Representatives Propose Taxes on Firearms and Ammunition
August 29, 2013
Gun violence in America has become a major topic of discussion in recent years. As tragedies occur, fervor to explore the nature of violence and gun control has led to numerous policy suggestions regarding gun purchases. One such measure is substantially raising current firearms taxes, as per a recent bill sitting in the federal House written by Representatives Danny Davis (D-IL) and Bill Pascrell (D-NJ).
The bill looks to substantially increase tax rates on conventional firearms (pistols, rifles, shotguns, etc.) to 20 percent, while raising ammunition taxes dramatically from 11 to 50 percent. The revenues generated would be used to fund the hiring and training of additional police officers, various community-oriented projects to prevent gang violence, and other such public safety ventures.
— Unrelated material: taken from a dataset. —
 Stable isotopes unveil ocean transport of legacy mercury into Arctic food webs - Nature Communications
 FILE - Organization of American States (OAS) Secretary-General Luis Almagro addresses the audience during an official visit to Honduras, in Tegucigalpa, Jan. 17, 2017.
The law of demand certainly applies here; some buyers will be deterred from paying exorbitant rates to purchase guns and ammunition. But levying taxes on gun owners versus owners of other products creates a control program which ought to be outside the purview of tax policy. This law in particular is even more distortionary given that these taxes are also imposed on all gun-owners, even responsible, non-criminal ones. Noted tax expert David Brunori addressed this issue well last March (subscription required):
The idea is that an excise is appropriate when it's used to compensate society for the external costs of using a product. In basic tax school, we call those costs externalities. Say I live in southern Illinois, far from any high-crime area. I own a .22 rifle because I like to shoot empty beer cans. And maybe I own a .45 automatic in the unlikely event of a home invasion. I've never committed a crime. And let's stipulate that I'll never commit a crime because most gun owners never will. And I don't hunt because I'm a vegetarian and don't like to shoot critters.
Exactly what externalities am I responsible for? Neither I nor my ammunition has ever been to a high-crime area.
We think this gets at the crux of the issue. Sensible policy to address violent crime is important, but excise taxes are far too blunt an instrument to use to get there.